Les ingénieurs, la clé de la réussite

« Comment se déroule une journée type ? Il faut se lever tôt. Le premier briefing est entre 8h et 8h15. On définit le programme de la journée. La piste ouvre à 9h et on roule jusqu’à 13h. En général, on effectue des runs de cinq tours. Grâce à la radio, on est en contact avec notre équipe. Attention, il n’y a pas qu’un seul ingénieur ! Chacun a sa spécialité. Il a y celui qui s’occupe de la voiture, l’autre de l’électronique, un ingénieur s’occupe de pneus, un autre est en charge de la stratégie et il y a enfin celui avec qui on parle tout le temps, c’est l’ingénieur course. La clé de la réussite, c’est la relation de confiance que l’on crée avec lui. Car c’est la voix dans la radio quand on roule. Cet ingénieur, c’est le Japonais Ayao Komatsu. L’équipe me l’a fortement suggéré mais c’est celui que je voulais. On communique en anglais, la langue de la F1. »

Le débriefing

« Pour revenir à notre journée type, on a une pause d’une heure entre 13 et 14h. Puis, on roule de 14 à 17h. N’oublions pas aussi qu’il y a différentes choses à tester : le matin, ce sont les réglages sur la voiture.

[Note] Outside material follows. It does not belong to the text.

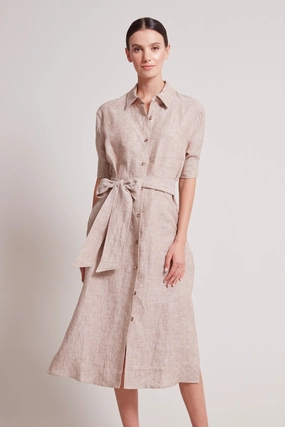 Randi Long Buttoned Shirt Dress - Caramel Red-Carpet Day Glow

Et l’après-midi est consacrée à la fiabilité. Les runs sont plus longs. Il y a parfois des simulations de course, on fait un Grand Prix pour voir si la voiture tient sans problème. Enfin, de 17h à environ 20h, on discute avec les ingénieurs. On analyse les données. Ce débriefing n’est pas une corvée même si on pique parfois du nez à la fin (rires). Car quand on a parfois fait l’équivalent de deux Grands Prix, on est fatigué. »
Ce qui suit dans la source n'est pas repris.